FIG. 31 is a side view of the core of FIG. 24 with a wire being guided from the circumferential groove on the side of the larger end of the core through a winding groove to the circumferential groove on the side of the smaller end of the core;
FIG. 32 is a side view of the core of FIG. 24 with a wire caught by the guide finger at the smaller end of the core;
FIG. 33 is a side view of the core of FIG. 24 with a wire guided by the guide finger to a position corresponding to the circumferential groove at the smaller end of the core;
FIG. 34 is a bottom view of the core of FIG. 24 with a wire guided by the guide finger to a position corresponding to the circumferential groove at the smaller end of the core;
FIG. 35 is a side view of the core of FIG. 24 with a wire guided by the guide finger into the circumferential groove at the smaller end of the core;
FIG. 36 is a bottom view of the core of FIG. 24 with a wire guided by the guide finger into the circumferential groove at the smaller end of the core;
FIG. 37 is a side view of the core of FIG. 24 in which the wire feed nozzle is held at a position at the smaller end of the core;
FIG. 38 is a side view of the core of FIG. 24 in which the wire feed nozzle has been moved to a position on the side of the larger end of the core to start the next coil winding cycle;
FIG. 39 is a perspective view of a coil winding apparatus according to another embodiment of the present invention;
FIG. 40 is a diagrammatic view showing a coil winding path; and
FIG. 41 is a perspective view of a composite deflection yoke formed by the coil winding apparatus of the present invention.
In FIG. 1 a coil winding apparatus according to the present invention winds coils on a funnel-shaped core H, as shown in FIG. 2, to form a deflection yoke for a cathode ray tube (CRT).
The construction of the core H is shown in FIGS. 2 and 3, in which the core H is a solid section core serving as a spool on which a wire is wound. The core H is formed of plastic and has a larger end 14 and a smaller end 16. The core H is mounted on a CRT, not shown, with the larger end 14 positioned on the side of the fluorescent screen of the CRT and the smaller end 16 positioned on the side of the electron gun of the CRT. As shown in FIGS. 2 and 3, the larger end 14 of the core H is provided with a plurality of sections S1, a plurality of slots 18, and a first circumferential groove 20. The smaller end 16 of the core H is provided with a plurality of sections S2, a plurality of slots 22, and a second circumferential groove 24.

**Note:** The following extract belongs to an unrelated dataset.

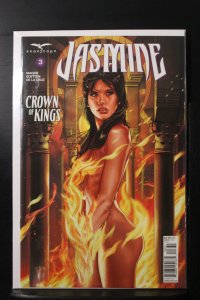 Jasmine: Crown of Kings #3 (2018)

Turning back to FIG. 1, a coil winding apparatus is shown that can simultaneously wind at least two wires W on the core H. More specifically, the coil winding apparatus comprises a pair of wire feed units 30, a pair of guide units 50, a core holding unit 70, a pair of tension units 90, and a base frame 10 supporting the above-mentioned units. Since the pair of wire feed units 30, the pair of guide units 50, and the pair of tension units 90 are symmetrical and substantially identical in construction, respectively, it is necessary to describe only the wire feed unit 30, the guide unit 50 and the tension unit 90 installed in the left-hand portion of the machine shown in FIG. 1.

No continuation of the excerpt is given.